The second reason why museums and museum people should be interested in BIL (and TED) is because of the content. There were game designers, performance artists, rocket scientists and all kinds of speakers–and most of them were talking about the future. The future affects us all.

One speaker talked about the rising trend of people relying exclusively on their mobile devices for their computing needs. What will that mean for museums if, in the not-so-distant future, all of our visitors are walking around with their computers in their pockets? At the very least, it means that museum websites will have to be optimized for mobile viewing. But think about the possibilities that mobile computing can offer for museums and their visitors.
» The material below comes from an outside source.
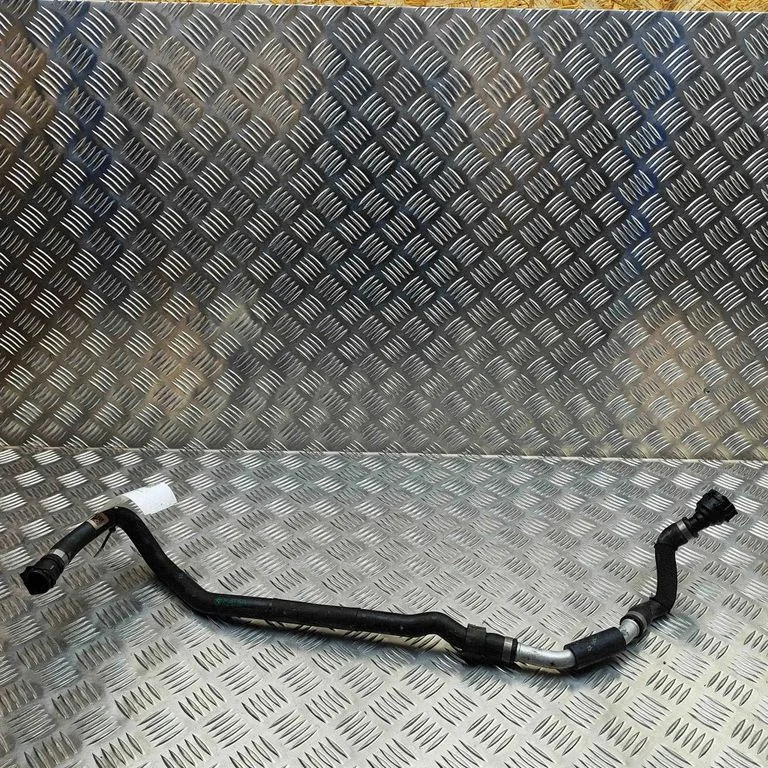 Engine coolant pipe/hose 8088927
MOLAA is already taking advantage of the fact that most visitors carry cell phones by using Guide by Cell for their audio tour. I made use of my own cell phone in the MOLAA galleries a couple of times and was really glad that I did!

Another presentation was on the topic of “immersive storytelling.” Isn’t that what we do in museums? Well, instead of exhibits and material culture, these guys talked about Operation Spy-like experiences such as The Tomb and MagiQuest. These are experiences that we can learn from–or watch out for as potential competition. The presenters talked about establishing permanent facilities for temporary experiences to cycle through–sound familiar?

So I’ll be blogging in the near future about some of the specific talks that impact museums, but first I just wanted to introduce you all to BIL and get you thinking about unconferences and the future!